Toolpath generation for a deformation based flexible manufacturing processes like incremental forming is very challenging because the sheet stock material moves as the toolpath progresses. CNC machining toolpaths work fairly well for single point incremental forming (FIG. 1a) because the features always lie below the blank/workpiece, but these toolpaths are inadequate for double sided incremental forming (“DSIF”) (FIG. 1b). DSIF uses two tools, one on either side of the blank, which makes it possible to form concave and convex features by switching which tool acts as the forming tool or the supporting tool.
In general, CNC toolpaths are not appropriate for DSIF is because embedded features have to be formed in the correct sequence to make sure the tools do not puncture the sheet stock workpiece. Existing CNC machining based tool can only generate toolpaths in one direction. In order to use the existing CNC machining module for making features on both sides of the sheet, one has to generate machining paths from two different directions, and manually sort out the forming sequence and stitch those toolpaths together.

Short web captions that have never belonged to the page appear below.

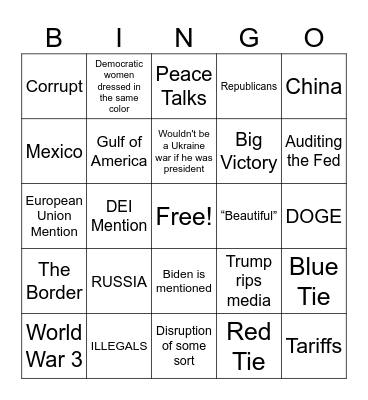 Test Bingo Card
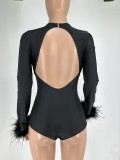 Feather Splicing Long Sleeve Backless Romper QXLB-10099
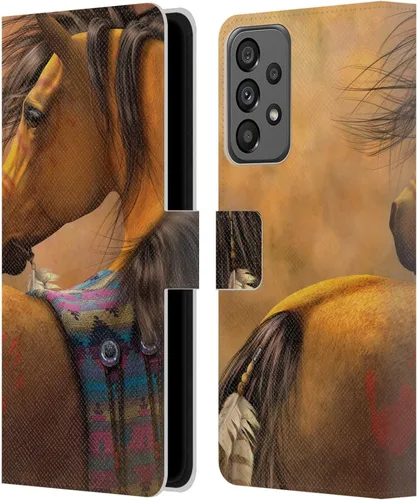 Vista 18 de Head Case Designs Officially Licensed Laurie Prindle A Morgan Christmas Western Stallion Leather Wallet Case Compatible with Samsung Galaxy A07 4G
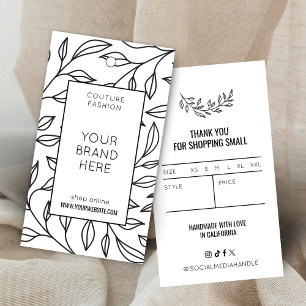 Modern Floral Black & White Logo Clothing Hang Tag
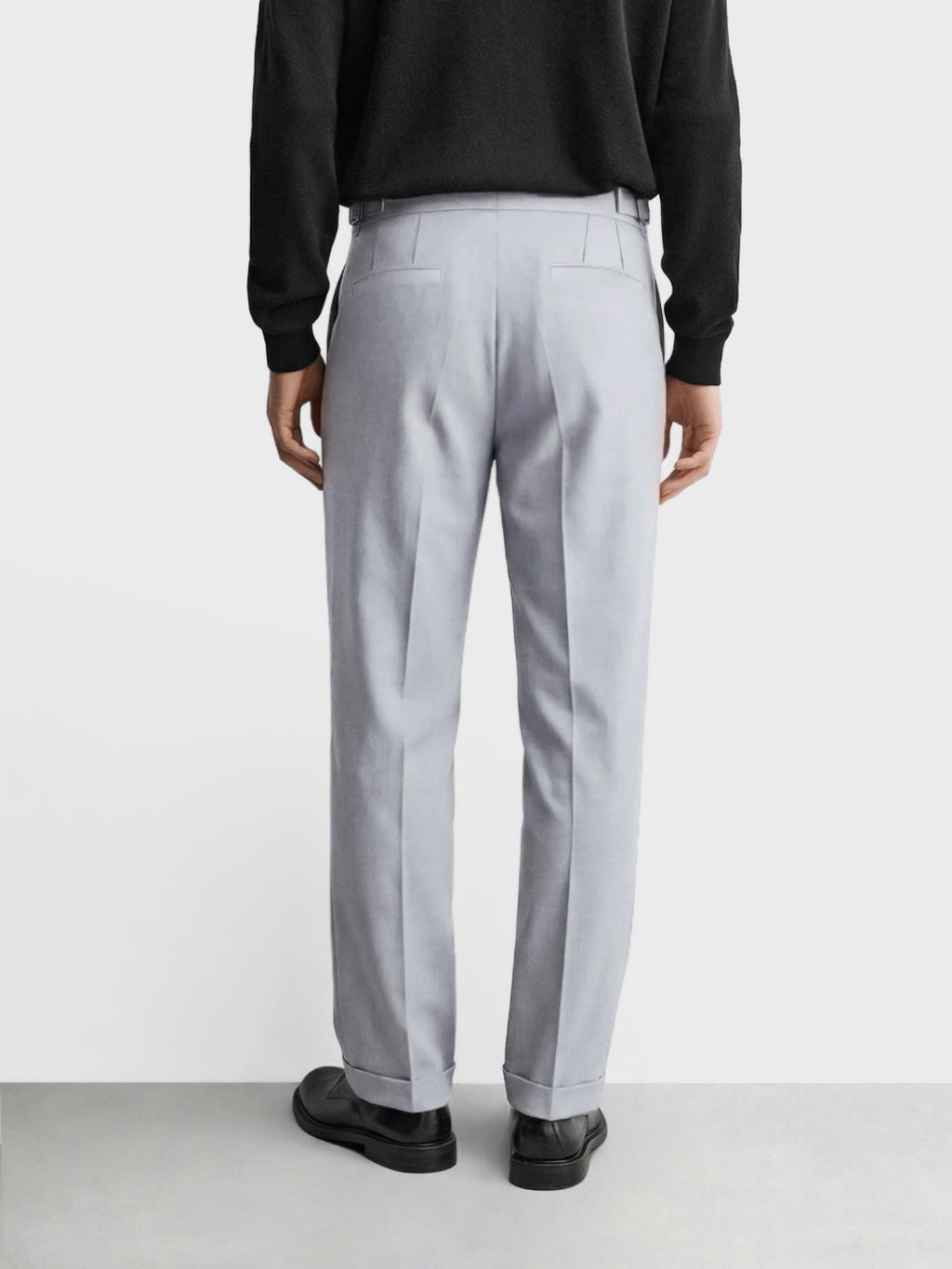 Men's Grey Regular Fit Solid Casual Trousers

Further, in existing technologies, the toolpath is generated from CAM software, and the following steps are performed manually by the operator of the tools: separating the toolpath contour by contour, grouping the contours into features, picking the feature forming order, reversing the toolpath for concave features, and synchronizing the tools to go from feature to feature.
The method described herein uses geometrically constructed maps to create a hierarchical structure in the form of a rooted tree to group features, which makes it possible to form features on either side of the sheet. This method sorts all the features and automatically provides a synchronized path for the supporting tool to follow the forming tool to form all the features on the part in the correct order and direction. The method permits fine control of the individual features and their process parameters, arbitrary changes to the forming order and direction of the features within the feasibility of a forming operation, and translation of each individual feature to the plane to enhance the geometric accuracy of the process.
In this method, the features in a particular geometry or object are represented as a hierarchical data structure. The hierarchical data structure of choice is a rooted tree, since it allows fine control over individual features which are represented as nodes in the tree. Tree traversal algorithms can then be used to generate toolpaths for the individual features, which allow the forming order and direction of the features to be changed accordingly.
A map is used to hold information about the relationship between features during the slicing stage of toolpath generation, because maps provide logarithmic complexity for key insertions and lookups.
The maps are then be used to build the rooted trees once all the information about the relationships between the features has been stored.
This approach is unique in its use of fundamental data structures to develop a new way of representing features in DSIF and similar processes which gives users incredible versatility and control over the toolpath generation process for complex geometries.